= What is being asked =
Would you please retype, exactly, the lines of the listing below between the line with "Happy Cartoon Penguin" and the line with "F 32-06 - 26/09/1940", inclusive?

= Provided data =
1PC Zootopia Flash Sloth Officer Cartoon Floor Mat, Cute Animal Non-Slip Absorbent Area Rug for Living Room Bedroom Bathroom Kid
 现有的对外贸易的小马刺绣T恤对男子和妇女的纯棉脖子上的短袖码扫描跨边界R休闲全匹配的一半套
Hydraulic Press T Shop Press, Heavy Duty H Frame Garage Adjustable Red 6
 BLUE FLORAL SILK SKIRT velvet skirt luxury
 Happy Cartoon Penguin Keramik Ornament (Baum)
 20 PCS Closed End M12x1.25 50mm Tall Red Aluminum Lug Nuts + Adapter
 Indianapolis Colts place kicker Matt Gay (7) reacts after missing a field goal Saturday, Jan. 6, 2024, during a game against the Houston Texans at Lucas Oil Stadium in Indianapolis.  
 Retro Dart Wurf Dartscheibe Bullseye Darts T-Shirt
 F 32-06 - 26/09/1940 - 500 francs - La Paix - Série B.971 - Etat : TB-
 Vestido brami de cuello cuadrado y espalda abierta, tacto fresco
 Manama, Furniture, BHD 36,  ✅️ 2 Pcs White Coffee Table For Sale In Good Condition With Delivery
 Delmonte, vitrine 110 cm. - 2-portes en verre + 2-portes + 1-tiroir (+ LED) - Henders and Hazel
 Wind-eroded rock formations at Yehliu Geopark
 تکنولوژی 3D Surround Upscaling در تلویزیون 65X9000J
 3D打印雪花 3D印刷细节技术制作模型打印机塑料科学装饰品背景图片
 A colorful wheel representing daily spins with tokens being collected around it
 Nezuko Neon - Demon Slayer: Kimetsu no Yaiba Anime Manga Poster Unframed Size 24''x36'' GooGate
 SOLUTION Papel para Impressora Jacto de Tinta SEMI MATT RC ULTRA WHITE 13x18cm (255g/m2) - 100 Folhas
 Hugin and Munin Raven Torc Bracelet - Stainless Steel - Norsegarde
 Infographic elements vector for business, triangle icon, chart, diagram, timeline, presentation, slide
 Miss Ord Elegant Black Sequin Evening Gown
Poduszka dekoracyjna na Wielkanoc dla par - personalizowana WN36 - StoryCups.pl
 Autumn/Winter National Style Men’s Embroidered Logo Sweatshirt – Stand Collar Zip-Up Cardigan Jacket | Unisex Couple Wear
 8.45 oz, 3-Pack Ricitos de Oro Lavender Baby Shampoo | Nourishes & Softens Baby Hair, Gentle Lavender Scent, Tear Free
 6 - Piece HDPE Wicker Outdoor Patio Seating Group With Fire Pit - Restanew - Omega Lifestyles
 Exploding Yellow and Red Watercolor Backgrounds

= Reply to the task =
 Happy Cartoon Penguin Keramik Ornament (Baum)
 20 PCS Closed End M12x1.25 50mm Tall Red Aluminum Lug Nuts + Adapter
 Indianapolis Colts place kicker Matt Gay (7) reacts after missing a field goal Saturday, Jan. 6, 2024, during a game against the Houston Texans at Lucas Oil Stadium in Indianapolis.  
 Retro Dart Wurf Dartscheibe Bullseye Darts T-Shirt
 F 32-06 - 26/09/1940 - 500 francs - La Paix - Série B.971 - Etat : TB-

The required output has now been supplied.